Records for the exercise: Begin

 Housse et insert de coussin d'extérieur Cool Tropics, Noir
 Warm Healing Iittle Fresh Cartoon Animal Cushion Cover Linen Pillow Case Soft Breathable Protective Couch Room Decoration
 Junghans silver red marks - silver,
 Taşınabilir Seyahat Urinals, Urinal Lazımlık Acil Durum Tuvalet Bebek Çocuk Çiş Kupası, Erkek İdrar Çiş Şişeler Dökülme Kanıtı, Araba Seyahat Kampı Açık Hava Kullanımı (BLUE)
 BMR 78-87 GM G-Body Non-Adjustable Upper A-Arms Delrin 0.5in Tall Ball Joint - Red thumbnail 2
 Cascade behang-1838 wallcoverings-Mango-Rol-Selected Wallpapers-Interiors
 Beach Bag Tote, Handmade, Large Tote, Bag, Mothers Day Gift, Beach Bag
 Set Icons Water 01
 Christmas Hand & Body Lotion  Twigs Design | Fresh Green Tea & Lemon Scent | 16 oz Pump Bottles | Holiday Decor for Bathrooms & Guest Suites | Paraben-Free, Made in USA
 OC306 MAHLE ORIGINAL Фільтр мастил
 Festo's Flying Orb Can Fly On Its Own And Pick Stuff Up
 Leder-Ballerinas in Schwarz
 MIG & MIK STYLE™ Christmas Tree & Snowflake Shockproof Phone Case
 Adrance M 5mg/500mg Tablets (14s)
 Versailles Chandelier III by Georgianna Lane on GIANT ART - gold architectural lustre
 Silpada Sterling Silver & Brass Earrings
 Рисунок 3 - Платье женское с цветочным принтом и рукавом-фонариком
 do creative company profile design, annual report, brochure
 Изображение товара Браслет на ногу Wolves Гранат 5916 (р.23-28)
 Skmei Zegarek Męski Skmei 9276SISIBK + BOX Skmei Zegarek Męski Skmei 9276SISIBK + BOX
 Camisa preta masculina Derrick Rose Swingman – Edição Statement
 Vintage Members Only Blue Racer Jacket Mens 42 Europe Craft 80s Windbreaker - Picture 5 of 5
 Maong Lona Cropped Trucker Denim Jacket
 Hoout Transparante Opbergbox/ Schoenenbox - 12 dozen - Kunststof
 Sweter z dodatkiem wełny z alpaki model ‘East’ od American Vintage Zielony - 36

Records for the exercise: End

▶ _Work item_
Down to the last line, restate the records exactly.

▶ _Solved problem_
 Housse et insert de coussin d'extérieur Cool Tropics, Noir
 Warm Healing Iittle Fresh Cartoon Animal Cushion Cover Linen Pillow Case Soft Breathable Protective Couch Room Decoration
 Junghans silver red marks - silver,
 Taşınabilir Seyahat Urinals, Urinal Lazımlık Acil Durum Tuvalet Bebek Çocuk Çiş Kupası, Erkek İdrar Çiş Şişeler Dökülme Kanıtı, Araba Seyahat Kampı Açık Hava Kullanımı (BLUE)
 BMR 78-87 GM G-Body Non-Adjustable Upper A-Arms Delrin 0.5in Tall Ball Joint - Red thumbnail 2
 Cascade behang-1838 wallcoverings-Mango-Rol-Selected Wallpapers-Interiors
 Beach Bag Tote, Handmade, Large Tote, Bag, Mothers Day Gift, Beach Bag
 Set Icons Water 01
 Christmas Hand & Body Lotion  Twigs Design | Fresh Green Tea & Lemon Scent | 16 oz Pump Bottles | Holiday Decor for Bathrooms & Guest Suites | Paraben-Free, Made in USA
 OC306 MAHLE ORIGINAL Фільтр мастил
 Festo's Flying Orb Can Fly On Its Own And Pick Stuff Up
 Leder-Ballerinas in Schwarz
 MIG & MIK STYLE™ Christmas Tree & Snowflake Shockproof Phone Case
 Adrance M 5mg/500mg Tablets (14s)
 Versailles Chandelier III by Georgianna Lane on GIANT ART - gold architectural lustre
 Silpada Sterling Silver & Brass Earrings
 Рисунок 3 - Платье женское с цветочным принтом и рукавом-фонариком
 do creative company profile design, annual report, brochure
 Изображение товара Браслет на ногу Wolves Гранат 5916 (р.23-28)
 Skmei Zegarek Męski Skmei 9276SISIBK + BOX Skmei Zegarek Męski Skmei 9276SISIBK + BOX
 Camisa preta masculina Derrick Rose Swingman – Edição Statement
 Vintage Members Only Blue Racer Jacket Mens 42 Europe Craft 80s Windbreaker - Picture 5 of 5
 Maong Lona Cropped Trucker Denim Jacket
 Hoout Transparante Opbergbox/ Schoenenbox - 12 dozen - Kunststof
 Sweter z dodatkiem wełny z alpaki model ‘East’ od American Vintage Zielony - 36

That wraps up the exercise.